As users, applications, and workloads move across cloud and hybrid environments, identity has replaced the network as the primary control point. Zero trust formalises this shift by requiring every access request to be evaluated based on identity, context, and policy, rather than implicit trust derived from location.

What zero trust really means

The zero trust model removes the assumption that anything inside a network boundary is trustworthy. Instead, access is continuously evaluated based on who or what is making the request, what they are trying to access, and under which conditions.

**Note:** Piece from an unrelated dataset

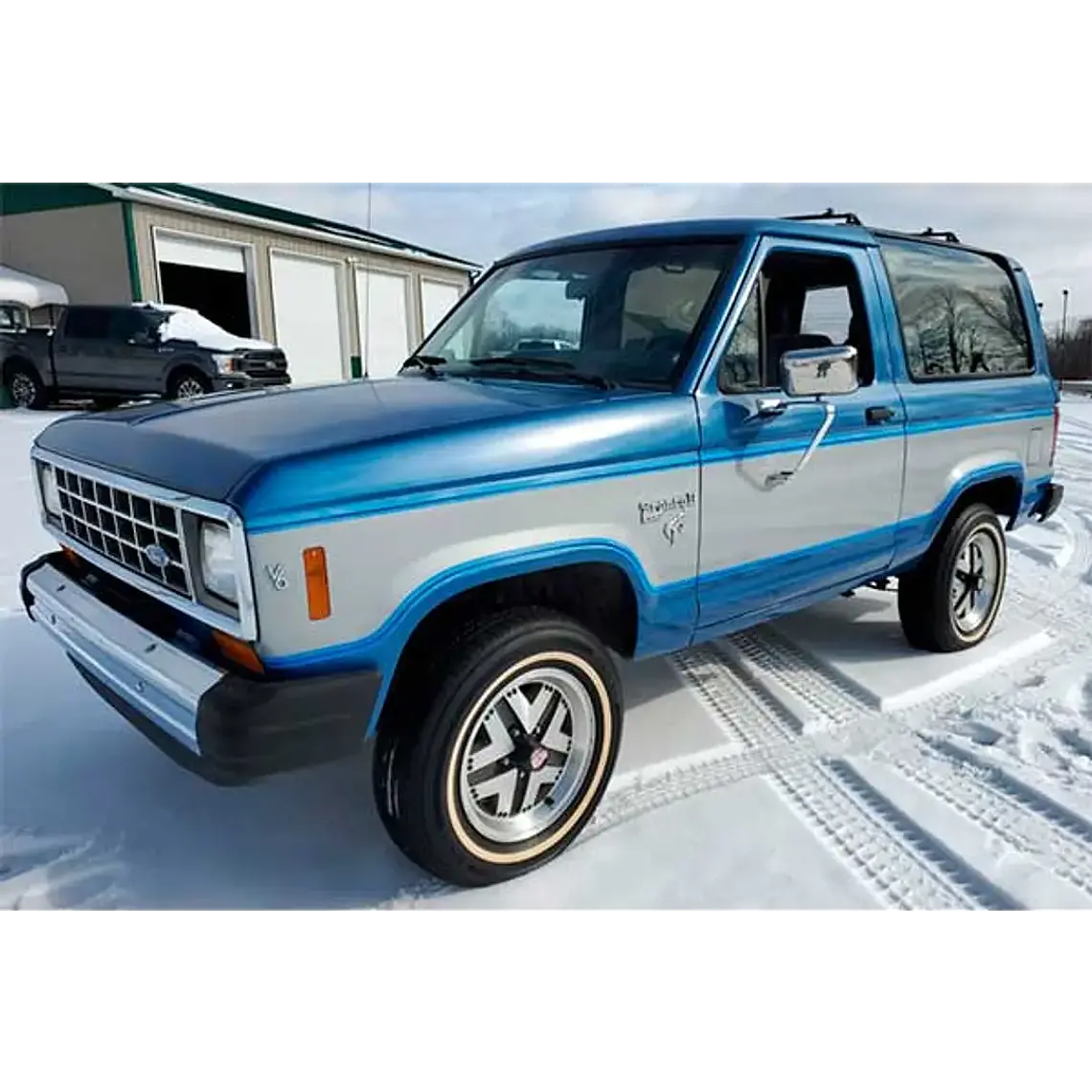 Manual De Despiece Ford Bronco (1980 - 1986) Inglés 1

The US National Institute of Standards and Technology (NIST) defines zero trust as an evolving set of cybersecurity paradigms that move defences from static, network-based perimeters to focus on users, assets, and resources instead.

This definition highlights a key point: zero trust is not a product. It is a decision-making model. Every access request must be verified explicitly and enforced consistently.

Identity as the primary decision input

In a zero-trust architecture, access decisions are made by a policy decision point and enforced by a policy enforcement point, with a control plane coordinating policy and telemetry. Identity feeds directly into that decision logic.

Identity provides answers to fundamental zero-trust questions:

  • Who or what is requesting access?
  • How confidently has that identity been verified?
  • What access should that identity have at this point in time?
  • What risk signals are associated with the request?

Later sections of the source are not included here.